Middle East conflict drives oil, fuel costs, SA consumer inflation


The South African Reserve Bank’s (SARB) Monetary Policy Committee (MPC) raised the policy rate by a quarter of a percentage point to 7 per cent, effective 29 May.

The prime lending rate now stands at 10.5 per cent.

The decision was supported by four of the six committee members, with two preferring no change.

The bank cited upward risks to the inflation outlook, linked in part to the ongoing conflict in the Middle East, which has pushed up oil prices and contributed to higher fuel costs in South Africa.

Inflation rose from 3.1 per cent in March to 4 per cent in April.

SARB Governor Lesetja Kganyago said inflation is expected to average 4.4 per cent this year.

“New results from our main survey of inflation expectations will only be available next month. However, market indicators and analyst expectations are edging higher. Given the forecasts, we see upside risks to inflation. Against this backdrop, the committee decided to increase the policy rate by 25 basis points, to 7%, effective from 29 May. Four members preferred this action, while two favoured no change,” Kganyago said.

“The committee agreed that inflation risks had intensified, and that the challenge of large and overlapping shocks would likely trigger second-round effects, requiring a monetary policy response,” he added.

Household debt, Inflation and Higher fuel prices:

The SARB warned that the local economy faces a difficult combination of higher global uncertainty and reduced disposable income, both of which will weigh on investment and household consumption.

Kganyago said a worst-case scenario could result in three interest rate hikes this year, driven by higher food inflation, an extended blockade in the Strait of Hormuz, and adverse weather threatening crop production.

“The food is not so much that we have had a food shock, but we expect that to be coming because of the following. Firstly, we’re lucky that the summer planting season for the crops was already over before the shock. The winter crop will fill it, but agriculturists tell us that they are not as demanding on fertiliser as the summer crops are. So if there is indeed a food shock — that’s why we modelled the El Niño — that will be an additional shock,” Kganyago said.

Analysts warned that the rate increase will place additional pressure on consumers and small businesses. Managing Executive at Nedbank, Oscar Siziba, said the timing was particularly difficult.

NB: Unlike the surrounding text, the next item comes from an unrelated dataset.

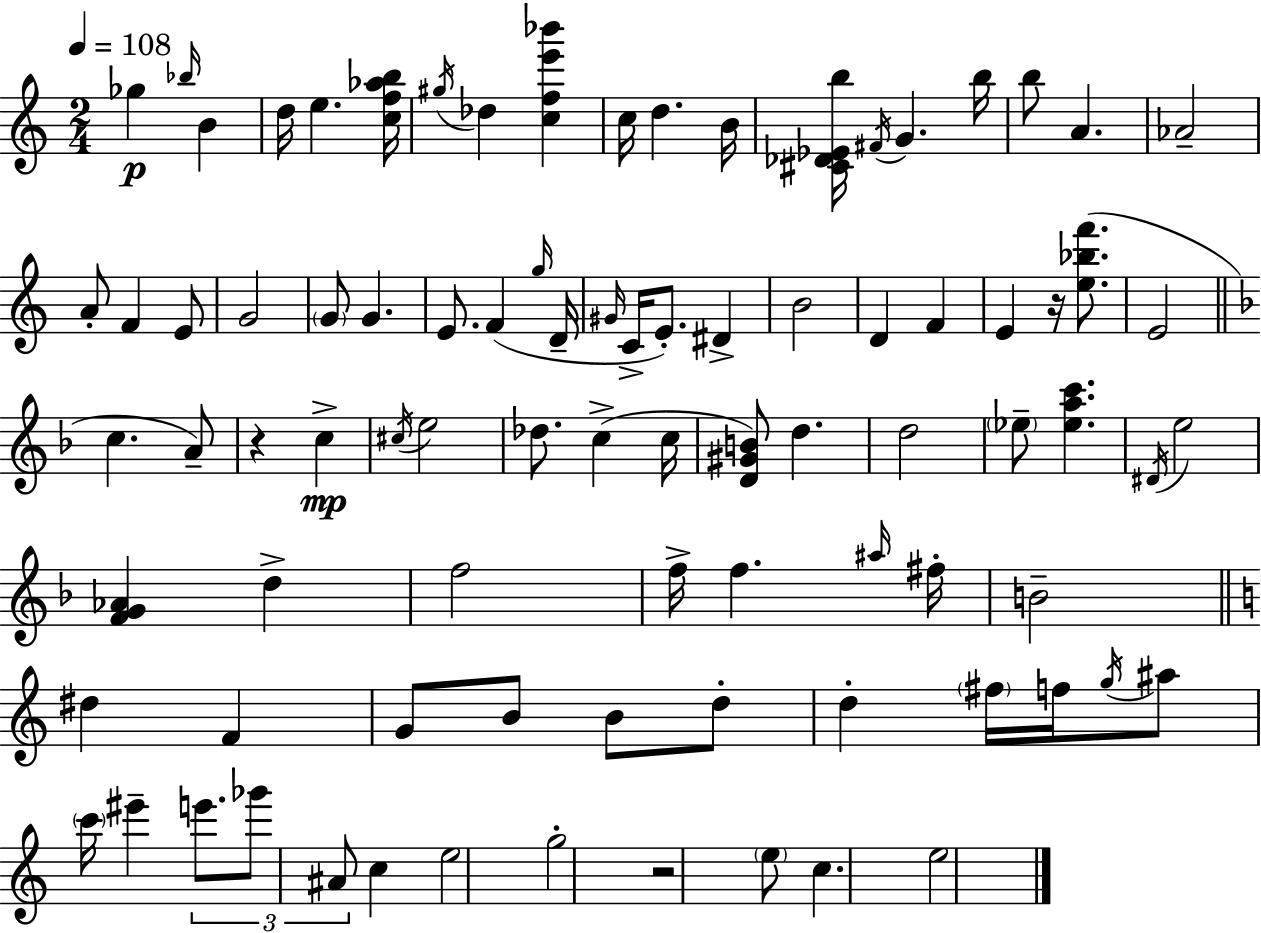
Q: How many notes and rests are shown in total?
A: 87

“An increase in interest rates will put more pressure on businesses because it means their loan repayments will go up at a time when many are already dealing with high fuel and running costs. This is going to put extra strain on cash flow, especially for smaller businesses. At the same time, consumers are also under pressure, which means slower sales for businesses, so you’ve got rising costs on one end and less income coming in on the other hand. In this kind of environment, businesses are likely to be more cautious, focusing on controlling costs and being careful about expanding or hiring,” Siziba said.

The SARB confirmed there will be no changes to the newly adopted 3 per cent inflation target, despite the volatile global environment and rising price pressures.